As Emeya says, I like that it's sophisticated and about the world and then, as a person's woe unfolds - in a most sophisticated, callus sort of way, it becomes about the world.
No, I know, thank God for the bright spots. But most people will read a poem and not take it home with them. And it bothers me, that. I am sorry, you have done your job well.
Adaptation is all that I know. Whether you like it or not, though certainly it is better to say,
ok, now the....
ok, now the...
ok, now a star has burst, where will i go.
fruitless seeming, or a bit like that, when you are feeling down, but the where will i go question is not a helpless one, it goes back to that adaptation whether you are willing or no, but the choice is yours
to weather the what of where you are and better the what of who you will become. The single, great, epiphany I have discovered is -
nothing is ever still.
Sorry to sermonize at you, that is the situation on the ground, as i know it.
And, it's not like you are some riff raff JanePlane, I can tell, you are good people.
by striving, you lift up that chin exceptionally well.
To the person who was supposed to be there, to be included in these things, and instead there are only what ifs and could-have-beens. That's a terrible thing to live with, but I suppose you learn to straighten your shoulder and not think about it most days.
I like the progression of this most. The first half is romantic and picturesque, un-real in the way we might think of the things that could have been, but then it starts to become more specific and personalized, as though we are now reading about things that really happened and what they might've been like had that person been there. Almost as though to say you missed out on this. I'm not sure if I'm communicating that properly.
One suggestion I would give is with these lines:
"and later still we’d / make love . . . "
the tense is off here, and should be something like "and later still we were supposed to / make love" might be the easier route, and furthers the repetition and impact of the "supposed to".
The "It is April" is a perfect movement / pivot. Now the poem is what really happened, what is now, and the loneliness becomes all more poignant by this admittance and the question you end with.
It's amazing what a person can do to another's heart, be it good or bad. The question is not only frank but sums up every feeling residing in this poem.
At least, hopefully, one can get to a place where they can run to themselves.
Wow, the ending was a clincher. The format I feel could be played with a little, because its such a serious piece and it's important and I feel like it should look more hm... like, I'm not sure how to explain, but I feel like the line breaks could be better, and the lack of punctuation, too, could be fixed. But maybe it's also that the lack of punctuation is purposeful and you're using it to explain how everything is lowing into each other, without end and without order, but omg, that last line. I was reading it, and it was just such a sad piece and the final line collects everything before it and just hands it to the reader and says, "Look at me, I'm broken, but I'm art."

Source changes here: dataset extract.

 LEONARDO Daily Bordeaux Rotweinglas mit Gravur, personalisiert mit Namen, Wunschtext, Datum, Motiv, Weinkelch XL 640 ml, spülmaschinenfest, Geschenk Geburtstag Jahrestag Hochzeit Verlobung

"We were supposed to wake each other up in the soft light
of a new day and then another and another until our days
faded into soft sunset"
My question for this is why did she swim back to shore? Is he or she still waiting for their partner to come get them.
Dreams of what could have, might have been if one had taken the other fork in the road... now relegated to another dimension. What is described here is quite a beautiful vision in time and space, romantic foreign names, places, yet it was a dream.
If a life can be cataloged such forks would be the index tabs, perhaps using one each color coded for sweet dreams, bitter holding-ons and continuing reality. We are free to indulge ourselves in the first two but it is the last that really matters. What colors do you choose your tabs to be?
Thanks for the tour and the swim. Happy Easter! It's a time we celebrate rebirth, new beginnings, resurrection, new life... and this recurring cycle has been recognized since long before mankind had the means to document that which unfolds itself so gloriously before us. I suppose there was a time when the celebration of Spring was for the fact that at least some if not all of the tribe had once again survived Winter.